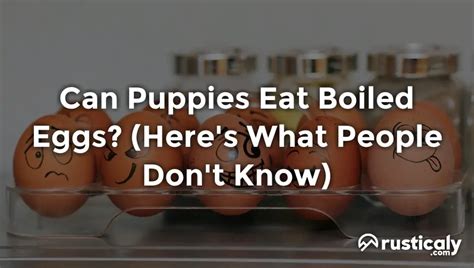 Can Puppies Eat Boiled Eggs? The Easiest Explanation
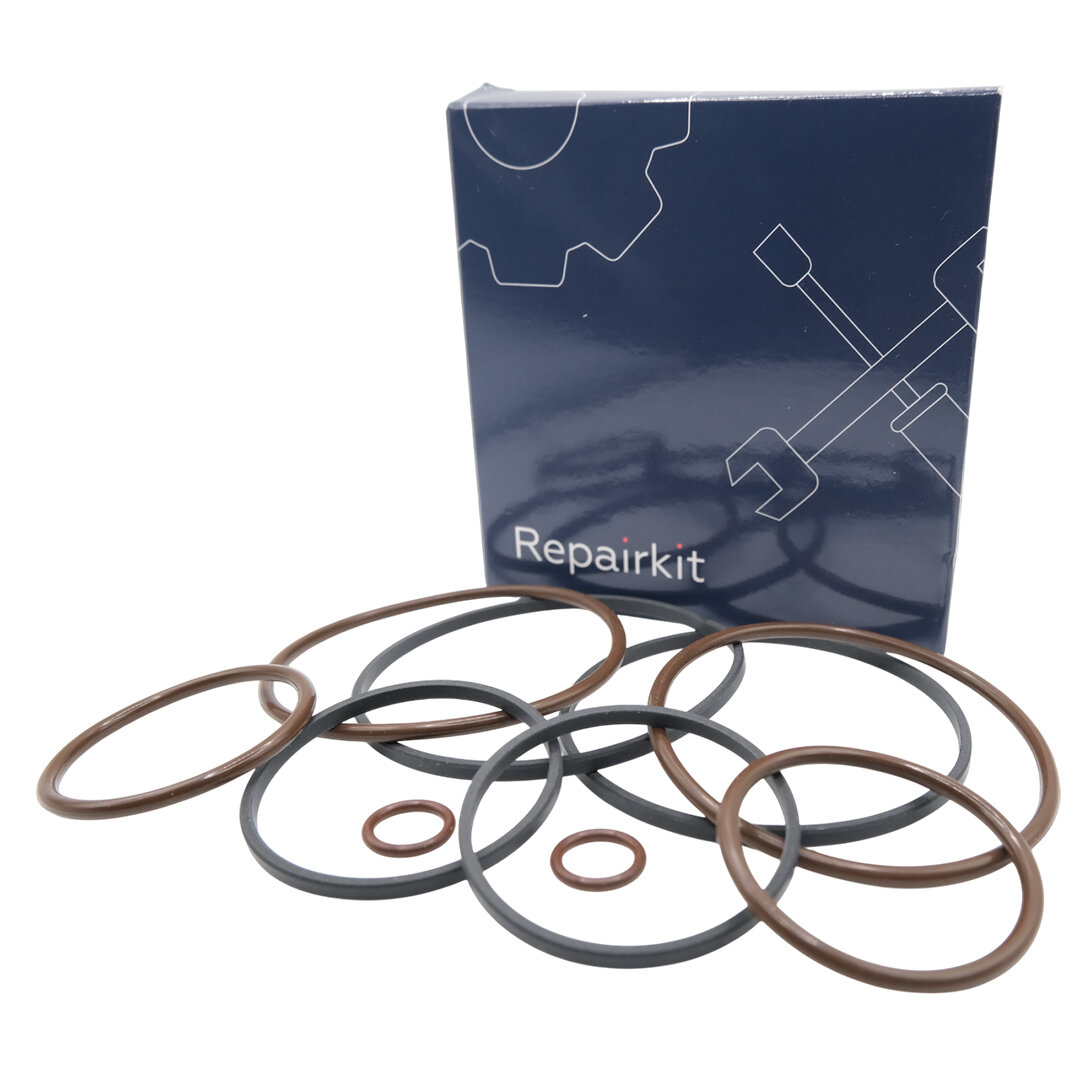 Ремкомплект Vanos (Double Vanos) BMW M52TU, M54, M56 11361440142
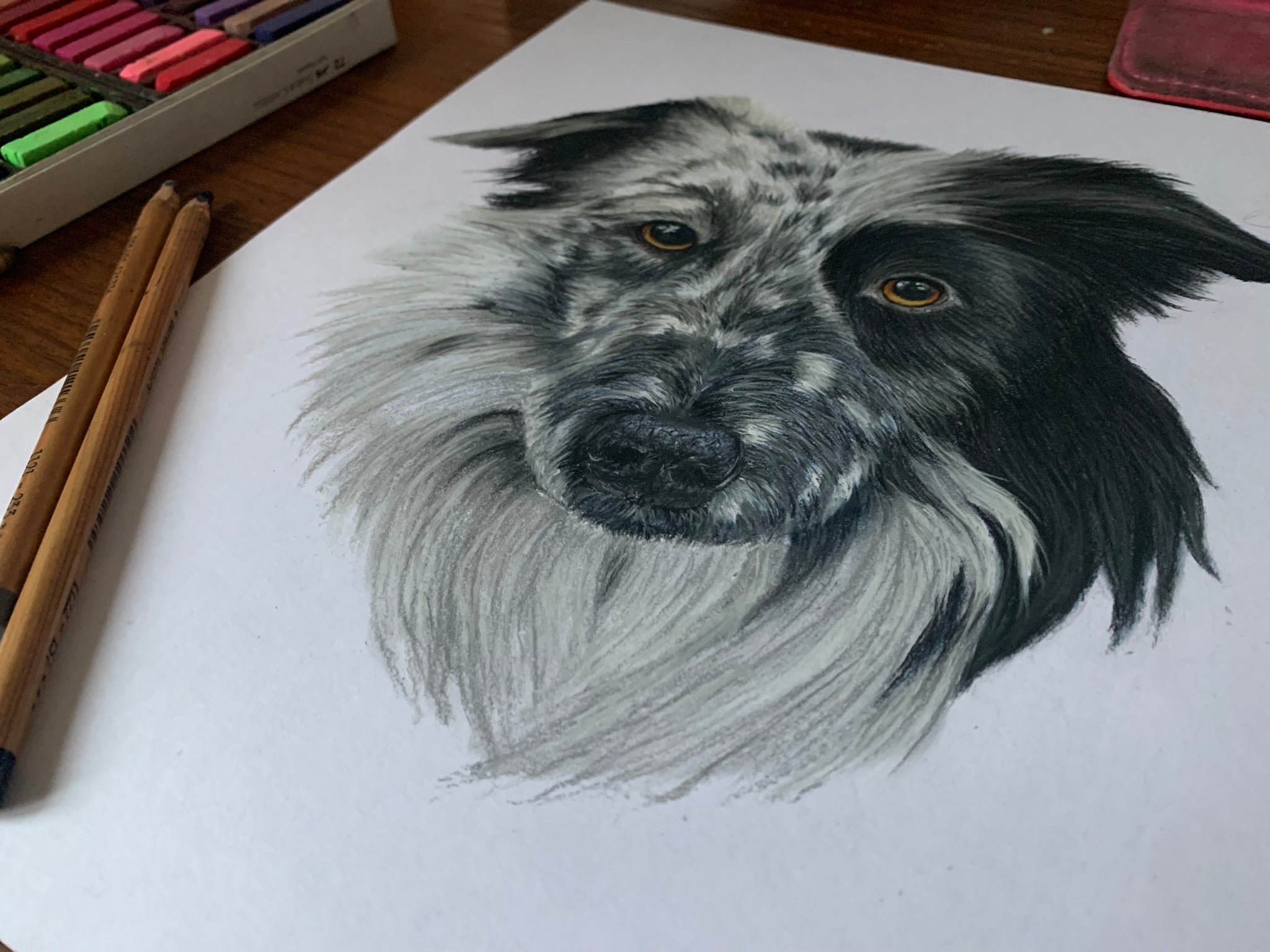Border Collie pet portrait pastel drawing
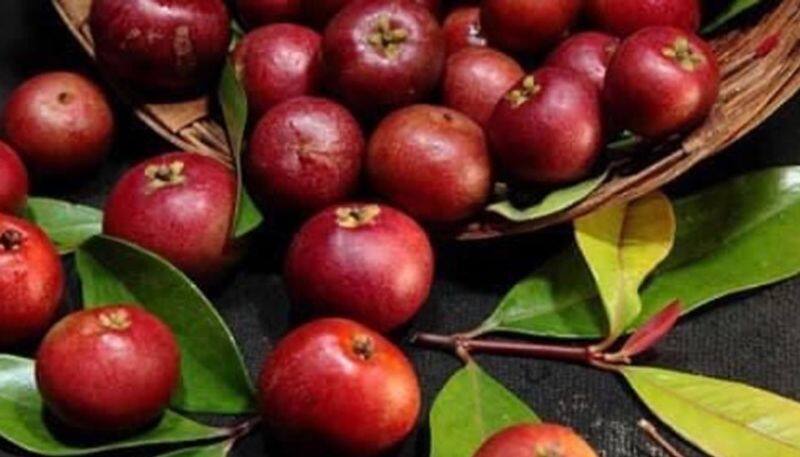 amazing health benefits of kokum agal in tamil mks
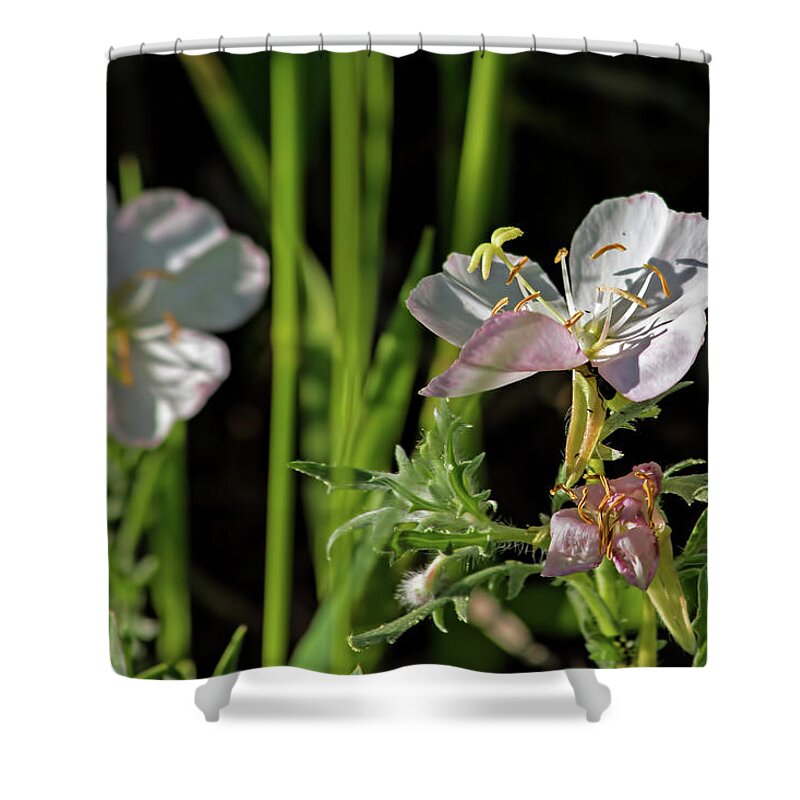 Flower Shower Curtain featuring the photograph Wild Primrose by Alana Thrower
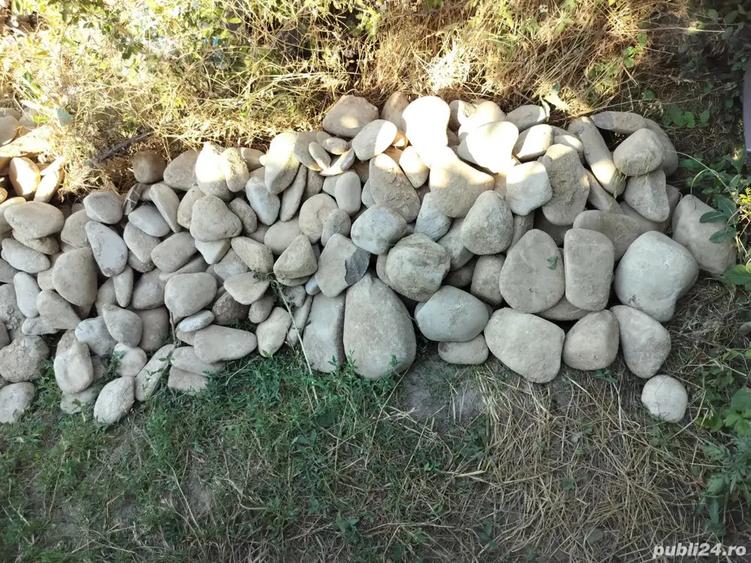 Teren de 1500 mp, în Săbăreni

* **REQUIRED ACTION**: From the line with "Flower Shower Curtain" to the last line of the material, both inclusive, set down every line exactly and nothing else; omit pictures.

* **RESULT OF THE TASK**:
 Flower Shower Curtain featuring the photograph Wild Primrose by Alana Thrower
 Teren de 1500 mp, în Săbăreni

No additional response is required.